VROUWEN TEGEN DE VERDRUKKING IN, De Bonte Was, Amsterdam 1979
25
Ik liet mij niet gebruiken
Er stonden veel wasserijen langs de Vecht
Nou dacht ik bij die ene heb ik het vast niet slecht.
Dus ik er heen op mijn oude fiets
want dacht ik dat lijkt me wel iets.
Een pracht van een woonhuis stond er naast
ik belde toch een beetje zenuwachtig aan,
ik had wat haast.
Er waren zo veel werkelozen in onze streek,
een baantje in die tijd was wel iets, dat mij leek.
Toen ik dan had aangebeld deed de dienstbode open
en vroeg of ik met haar mee wilde lopen.
Zij bracht mij naar het kantoor van de baas,
O wee, daar zaten nog veel meer sollicitanten helaas.
De baas met van die pientere gespleten ogen
zei: denk erom bij mij wordt er niets voorgelogen.
Nee baas, ja baas zeiden de vrouwen
bij alles wat de baas vroeg.
O mijn hemel dacht ik, want ik was er een
die mij in die tijd al als een echte rebel gedroeg.
Dat juist ik zou worden aangenomen verwachtte ik niet
omdat mijn brutaliteit zo men zei
wat te wensen overliet.
Alle vrouwen werden weggestuurd
en ik werd zonder dat hij mij iets vroeg ingehuurd.
Kom mee schat, zei hij op wat kleverige toon,
zo dus jij bent Mien,
dan zal ik meteen de fabriek en het kantoor laten zien.
Hij liep voor mij uit en vertelde over zijn vrouw
en over zijn zorgen,
wij zullen het wel rooien hè Mien, tot morgen.
Op die maandagmorgen was ik vroeg present
de baas stond al aan de poort,
het was wel een enge vent.
Zo Mien, jij weet je plichten dat mag ik wel
kom meid, het is koud, kom snel.
Hij deed zijn arm vertrouwelijk om mijn nek,
daar hield ik niet van, nee baas zei ik niet zo gek.
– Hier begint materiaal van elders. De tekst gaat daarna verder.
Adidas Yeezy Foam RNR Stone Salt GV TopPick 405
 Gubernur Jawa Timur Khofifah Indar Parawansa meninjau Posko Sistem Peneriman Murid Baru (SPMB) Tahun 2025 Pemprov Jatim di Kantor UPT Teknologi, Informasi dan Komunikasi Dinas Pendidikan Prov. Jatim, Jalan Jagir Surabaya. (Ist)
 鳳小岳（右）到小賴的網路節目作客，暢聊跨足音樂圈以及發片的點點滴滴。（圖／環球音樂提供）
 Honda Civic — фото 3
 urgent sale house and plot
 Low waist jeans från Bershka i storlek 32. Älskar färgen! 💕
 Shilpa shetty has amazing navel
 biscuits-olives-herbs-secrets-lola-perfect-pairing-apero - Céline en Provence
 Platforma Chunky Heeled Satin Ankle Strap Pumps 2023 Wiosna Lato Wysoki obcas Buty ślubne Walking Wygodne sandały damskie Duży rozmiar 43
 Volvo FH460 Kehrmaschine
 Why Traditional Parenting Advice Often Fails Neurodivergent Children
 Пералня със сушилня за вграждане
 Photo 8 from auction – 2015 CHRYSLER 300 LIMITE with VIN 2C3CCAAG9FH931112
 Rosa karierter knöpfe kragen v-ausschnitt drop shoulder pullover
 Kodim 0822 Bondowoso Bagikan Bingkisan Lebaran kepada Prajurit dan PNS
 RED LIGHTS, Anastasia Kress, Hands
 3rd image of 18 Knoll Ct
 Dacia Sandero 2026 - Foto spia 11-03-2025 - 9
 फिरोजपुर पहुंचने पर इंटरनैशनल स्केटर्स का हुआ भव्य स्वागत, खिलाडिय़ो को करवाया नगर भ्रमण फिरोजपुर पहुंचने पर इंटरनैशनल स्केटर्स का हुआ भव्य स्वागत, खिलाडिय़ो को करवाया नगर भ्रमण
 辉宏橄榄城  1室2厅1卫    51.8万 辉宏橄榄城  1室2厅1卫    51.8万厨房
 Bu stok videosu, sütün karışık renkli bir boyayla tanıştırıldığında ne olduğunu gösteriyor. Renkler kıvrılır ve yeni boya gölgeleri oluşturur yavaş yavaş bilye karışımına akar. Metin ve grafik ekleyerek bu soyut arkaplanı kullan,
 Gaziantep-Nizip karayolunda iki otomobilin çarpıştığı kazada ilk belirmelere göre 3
Nou meid je bent erg christelijk en preuts opgevoed
je moet van een baas wat kunnen velen,
dan heb je het bij mij heel goed.
Ik werkte hard want dat was mij wel geleerd
ik keek goed uit en deed niets verkeerd.
De baas liep langs de vrouwen,
tikte ze in 't voorbijgaan voor de kont,
nee ik had het gauw gezien,
hier was de toestand niet gezond.
Ik dacht in die tijd al: blijf van mijn lijf
al is je piemel nog zo stijf.
Bah, het was een viezerik van een vent
en dat was ik van huis uit niet gewend.